Gazidis has a rather curious take on letting player contracts run down. At a Q&A session with Arsenal Supporters Trust (AST) he presented the fact that it happens so often at Arsenal as almost a positive. “If we never had players coming to the end of their contracts then we’re saying yes to too many demands,” he argued.

Gazidis champions the “self-sustaining” model of the majority owner, Stan Kroenke — lacerated in an open letter to Arsenal’s board from Alisher Usmanov, a 30 per cent shareholder. Both Kroenke and Usmanov are billionaires yet neither puts any money into their club — not that this has stopped Kroenke leaving open the possibility of taking dividends from the business or raising season-ticket prices to the highest in world football.
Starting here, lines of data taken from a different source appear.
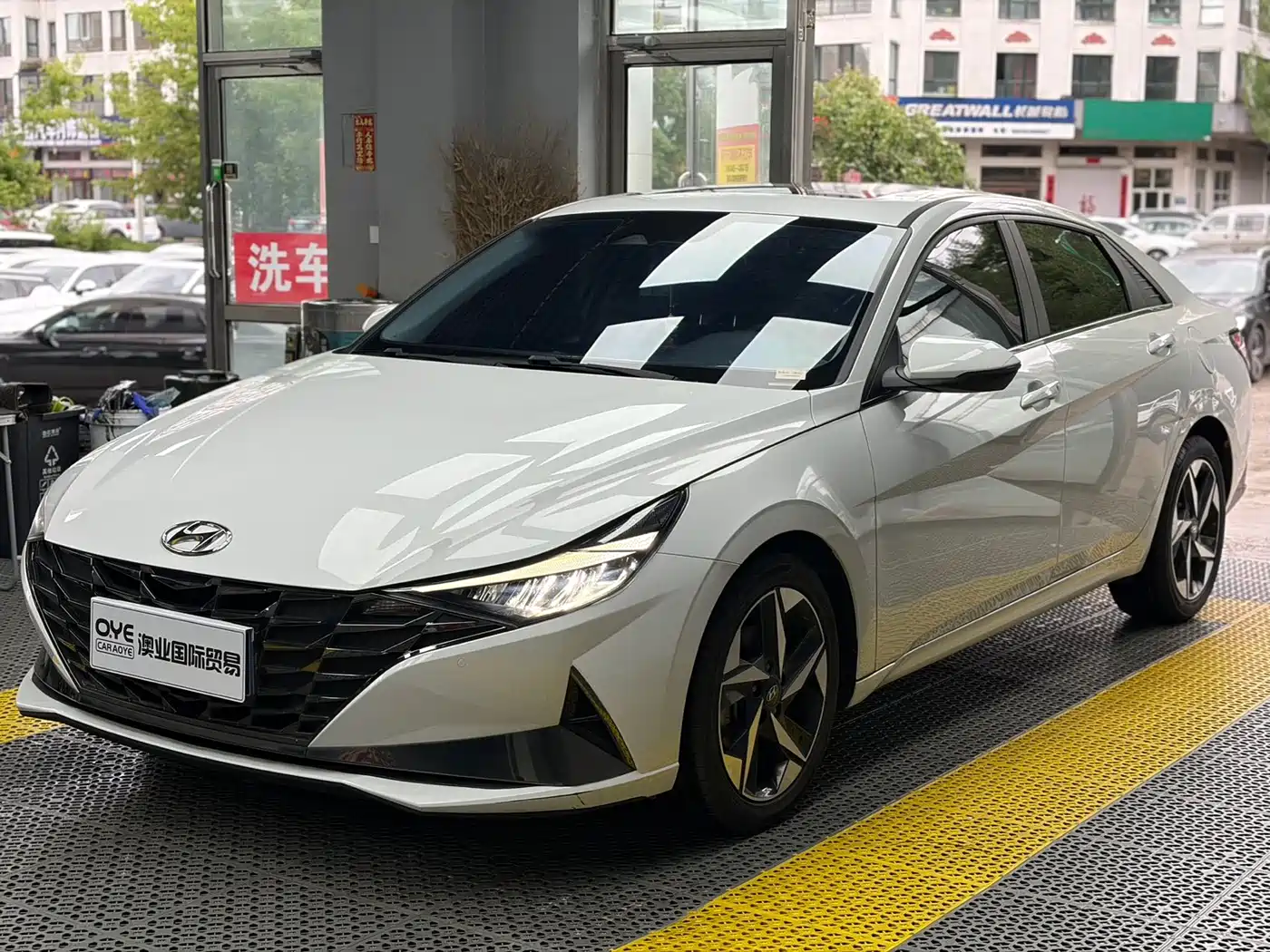 Hyundai Elantra 2022 1.5L CVT LUX Premium Edition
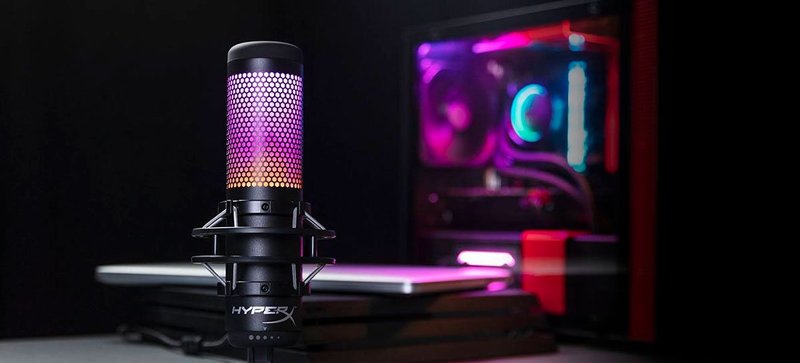 Iluminação RGB dá mais estilo ao QuadCast S.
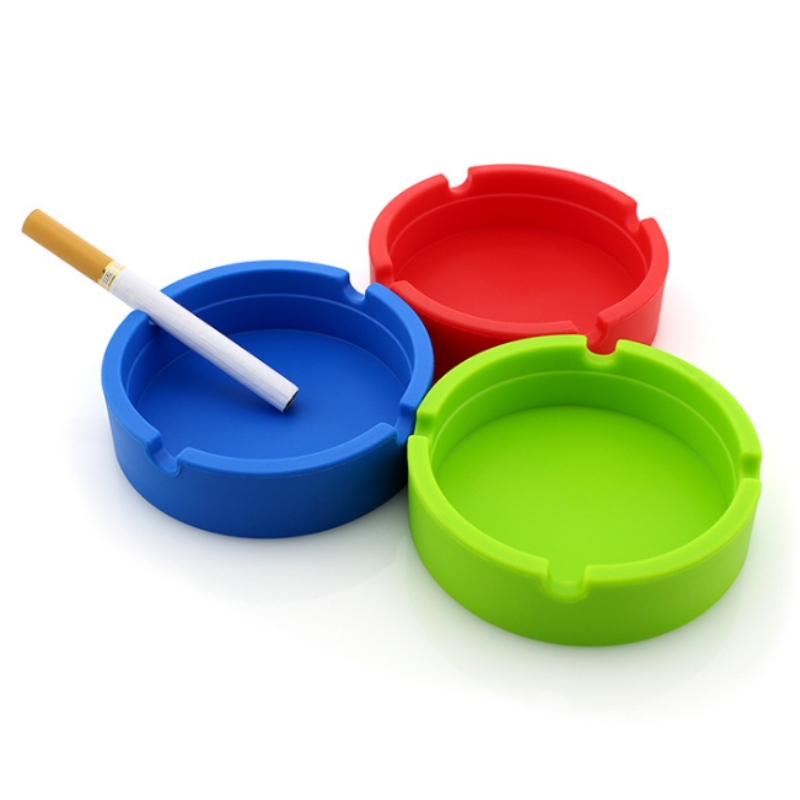 منفضة سجائر دائرية صغيرة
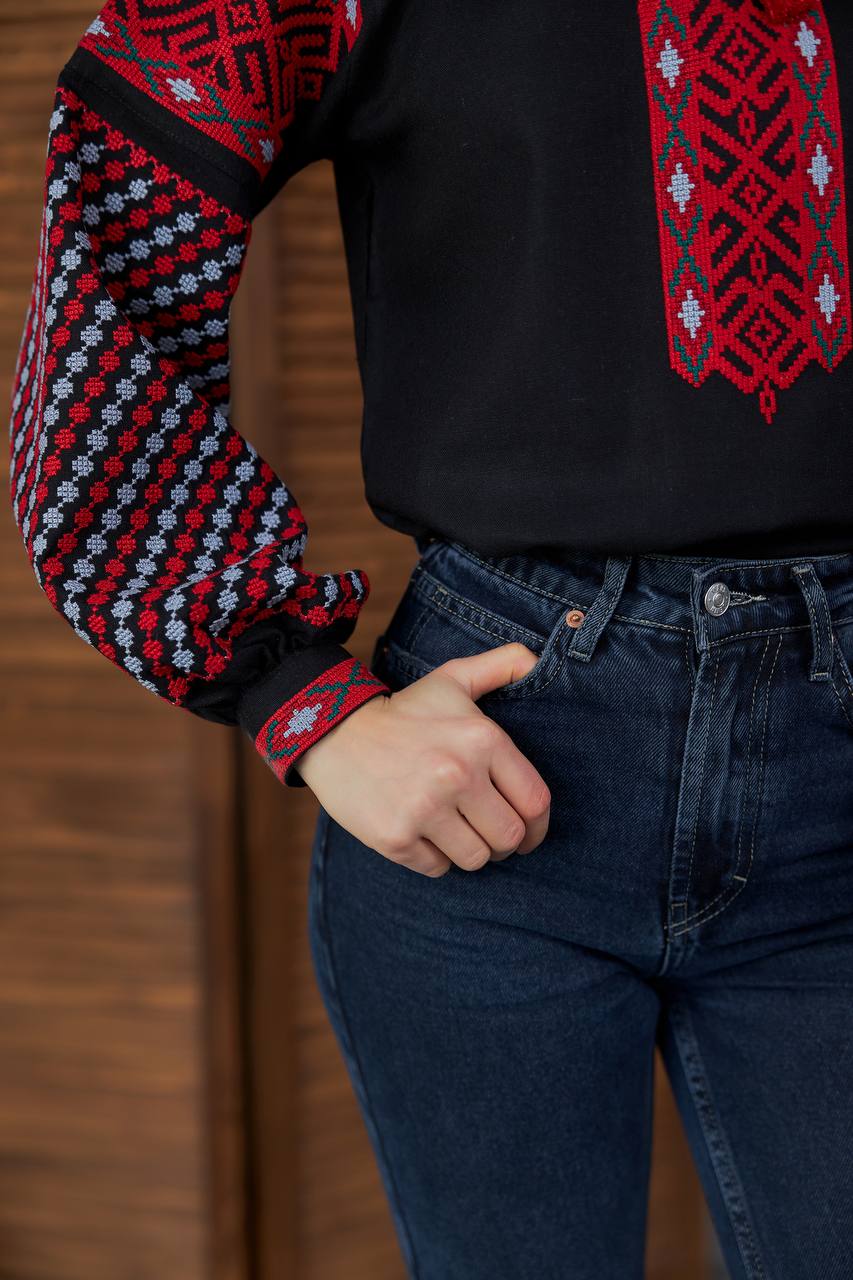 Жіноча вишиванка Колоритна (чорна) hover image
Usmanov’s letter argues that Kroenke makes it inevitable Wenger will have to keep selling top players. AST proposes a sale of new shares to raise fresh funds until Arsenal can renegotiate major commercial deals in 2014. Kroenke opposes a scheme that would force him either to put money into Arsenal or dilute his shareholding.

“AST will continue to urge Arsenal to consider how extra cash can be injected into the business. A small rights issue is sustainable and it seems only fair that owners as well as supporters invest into the club,” said the trust’s spokesman, Tim Payton.

With Arsenal’s wage bill now merely fifth highest in the Premier League and falling ever further behind rivals’, football’s financial landscape is challenging. But not everything, despite what Gazidis implies, can be blamed on shaikhs and greedy players. Wenger’s judgment, once such a marvel, has never looked less reliable.

He has spent recently, since May 2010 paying pounds 90m in transfer fees for a motley group of footballers including Park Chu-young, Sebastien Squillaci, Andre Santos, Gervinho, Per Mertesacker and the are-you-serious? Carl Jenkinson. Only the capture of Alex Oxlade-Chamberlain offers recent evidence that Wenger’s talent-spotting knack remains alive. For half the price of Gervinho, Newcastle plucked Yohan Cabaye and Hatem Ben Arfa from France: even in his “home” market Wenger gets beaten nowadays.

Van Persie is plainly not impressed by this summer’s buys, Lukas Podolski and Olivier Giroud. It’s five seasons since Arsenal finished even within 10 points of the Premier League winners. Of Europe’s 20 highest-earning clubs, only Hamburg (18th) have waited longer for a trophy than Arsenal (5th). The story is not van Persie’s going — but that he stayed so long.